**EXERCISE INSTRUCTIONS**
Exactly reproduce the lines from the one containing "8 Cylinder Direct" through the last line of the data, both ends included, leaving out pictures.

[SUPPLIED MATERIAL]

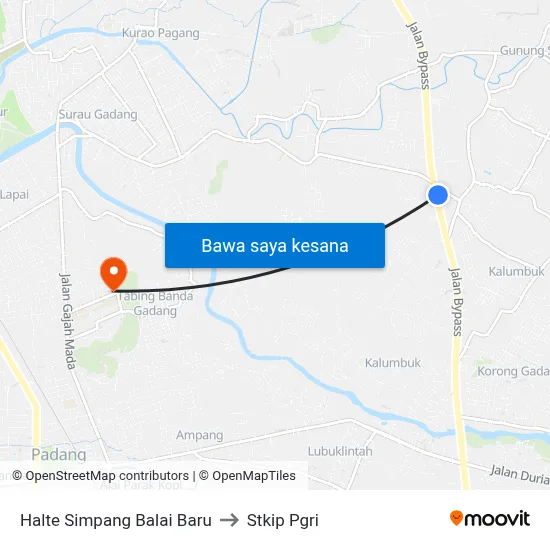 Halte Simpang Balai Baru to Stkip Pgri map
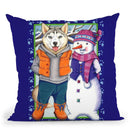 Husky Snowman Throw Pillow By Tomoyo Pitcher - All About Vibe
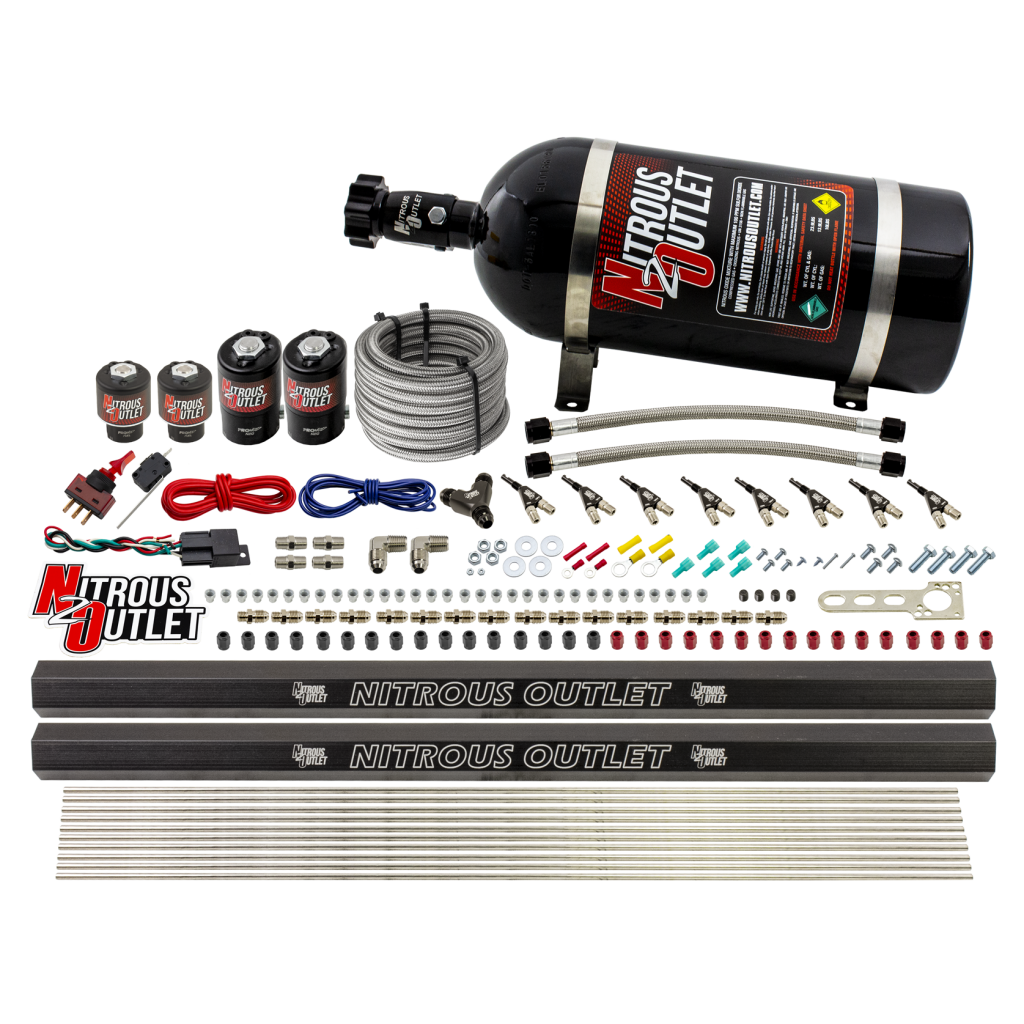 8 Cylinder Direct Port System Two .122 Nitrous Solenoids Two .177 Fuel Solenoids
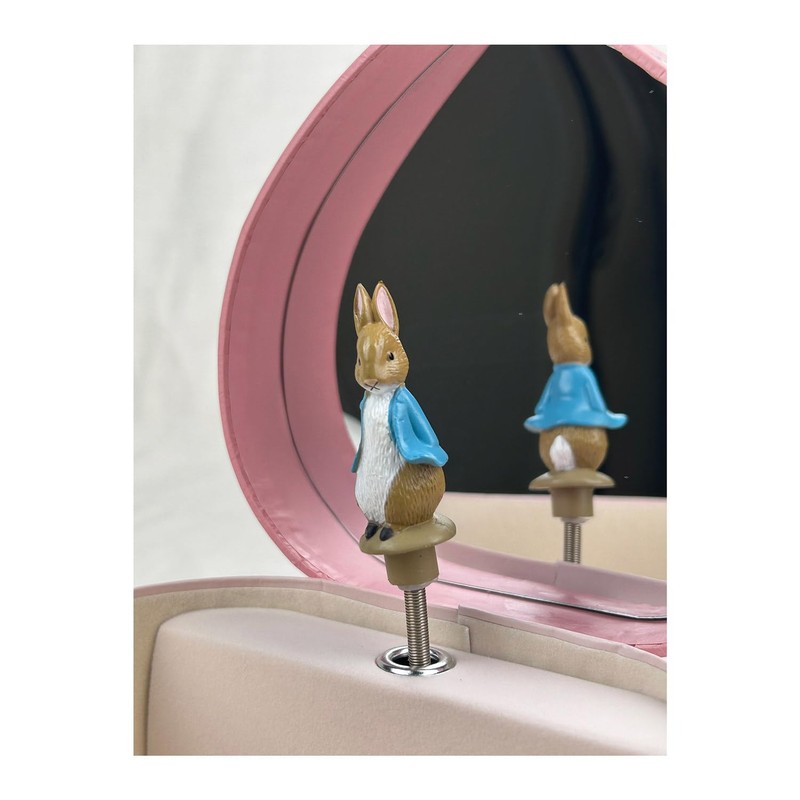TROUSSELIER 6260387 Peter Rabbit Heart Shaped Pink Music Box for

[/SUPPLIED MATERIAL]

**RESPONSE TO THIS EXERCISE**
 8 Cylinder Direct Port System Two .122 Nitrous Solenoids Two .177 Fuel Solenoids
TROUSSELIER 6260387 Peter Rabbit Heart Shaped Pink Music Box for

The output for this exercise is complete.